Nous croisons une jeep armée d'un canon et remplie de soldats. Dans le centre-ville, aucune trace des combats les bâtiments ont été épargnés contrairement à ce qui s'est passé lors des mutineries précédentes.

Les rues de Bangui sont encore un peu plus défoncées. Le chauffeur doit être particulièrement vigilant pour éviter les nombreux nids de poule dans l'obscurité qui a fini de s'installer.

Il est surtout très prudent à mesure qu'on se rapproche du camp Kasai, théâtre des plus violents affrontements entre forces loyalistes et mutins.

Entre deux nids de poule, il explique : ""Je dois faire très attention car les soldats peuvent nous tirer dessus, malgré les consignes"".

Mais, il faut également faire vite pour ne pas être surpris par le couvre-feu qui commence à 21 heures locales (20 heures GMT).

A cause des multiples précautions de Sylvain, je finis moi-même par éprouver une certaine psychose en me disant qu'un accident est vite arrivé.

C'est donc avec un soulagement dissimulé que je vois arriver mon contact, à l'endroit convenu.

Le bonhomme semble tout à fait à l'aise, avec les soldats postés aux barrages, échangeant des mots par-ci, distribuant des billets de banque par là.
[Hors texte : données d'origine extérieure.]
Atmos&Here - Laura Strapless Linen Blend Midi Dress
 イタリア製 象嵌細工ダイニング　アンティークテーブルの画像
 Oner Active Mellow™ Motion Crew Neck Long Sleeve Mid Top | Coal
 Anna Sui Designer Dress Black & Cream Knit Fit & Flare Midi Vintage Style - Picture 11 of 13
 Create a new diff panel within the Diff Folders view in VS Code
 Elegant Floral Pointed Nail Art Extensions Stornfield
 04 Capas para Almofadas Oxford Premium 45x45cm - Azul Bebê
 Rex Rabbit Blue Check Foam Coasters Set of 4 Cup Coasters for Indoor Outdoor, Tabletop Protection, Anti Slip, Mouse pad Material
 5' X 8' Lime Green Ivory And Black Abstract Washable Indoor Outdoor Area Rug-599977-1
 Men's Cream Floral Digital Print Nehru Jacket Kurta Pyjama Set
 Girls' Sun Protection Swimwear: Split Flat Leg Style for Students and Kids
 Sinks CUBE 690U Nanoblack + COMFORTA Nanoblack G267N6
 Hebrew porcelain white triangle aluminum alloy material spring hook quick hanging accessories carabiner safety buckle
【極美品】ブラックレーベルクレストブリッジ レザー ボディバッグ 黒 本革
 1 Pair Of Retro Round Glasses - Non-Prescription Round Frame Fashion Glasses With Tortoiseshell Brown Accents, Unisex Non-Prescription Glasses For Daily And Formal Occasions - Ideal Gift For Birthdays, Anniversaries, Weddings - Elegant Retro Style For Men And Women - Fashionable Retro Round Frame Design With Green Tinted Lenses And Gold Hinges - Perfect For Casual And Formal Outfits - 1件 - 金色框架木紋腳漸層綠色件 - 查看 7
Comme les fonctionnaires, les soldats centrafricains traînent des mois d'arriérés de salaires.

Les barrières se lèvent sur notre passage.

La nuit sera calme, seulement troublée par une lointaine détonation, de l'autre côté de l'Oubangui, en République démocratique du Congo, d'où sont venus les renforts aux forces loyalistes dépêchés par le chef rebelle Jean Pierre Mbemba.